Dear Susanna [so the letter read], There's a new man in your house at Farnham. His name is John Hathaway, but he's made all over and it was high time. I say it's the hand of God! He won't own up that it is, but I'm letting him alone, for I've done quarreling, though I don't like to see a man get religion and deny it, for all the world like Peter in the New Testament. If you have n't used up the last one of your seventy-times-sevens, I think you'd better come back and forgive your husband. If you don't, you'd better send for your son. I'm willing to bear the burdens the Lord intends specially for me, but Jack belongs to you, and a good-sized heavy burden he is, too, for his age. I can't deny that, if he is a Hathaway. I think he's the kind of a boy that ought to be put in a barrel and fed through the bunghole till he grows up; but of course I'm not used to children's ways.

Be as easy with John at first as you can. I know you 'll say I never was with my husband, but he was different, he got to like a bracing treatment, Adlai did. Many's the time he said to me, “Louisa, when you make up our minds, I'm always contented.” But John is n't made that way. He's a changed man; now, what we've got to do is to keep him changed. He does n't bear you any grudge for leaving him, so he won't reproach you.

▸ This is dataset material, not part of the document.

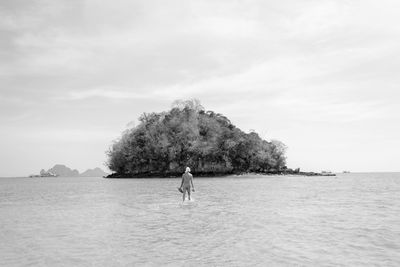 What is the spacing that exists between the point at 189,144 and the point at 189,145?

Hoping to see you before long, I am,

Yours as usual,

Louisa Banks.

[ [!-- H2 anchor --] ]

XI. “The Open Door”

On the Saturday evening before the yearly Day of Sacrifice the spiritual heads of each Shaker family called upon all the Believers to enter heartily next day into the humiliations and blessings of open confession.

The Sabbath dawns upon an awed and solemn household. Footfalls are hushed, the children's chatter is stilled, and all go to the morning meal in silence. There is a strange quiet, but it is not sadness; it is a hush, as when in Israel's camp the silver trumpets sounded and the people stayed in their tents. “Then,” Elder Gray explained to Susanna, “a summons comes to each Believer, for all have been searching the heart and scanning the life of the months past. Softly the one called goes to the door of the one appointed by the Divine Spirit, the human representative who is to receive the gift of the burdened soul. Woman confesses to woman, man to man; it is the open door that leads to God.”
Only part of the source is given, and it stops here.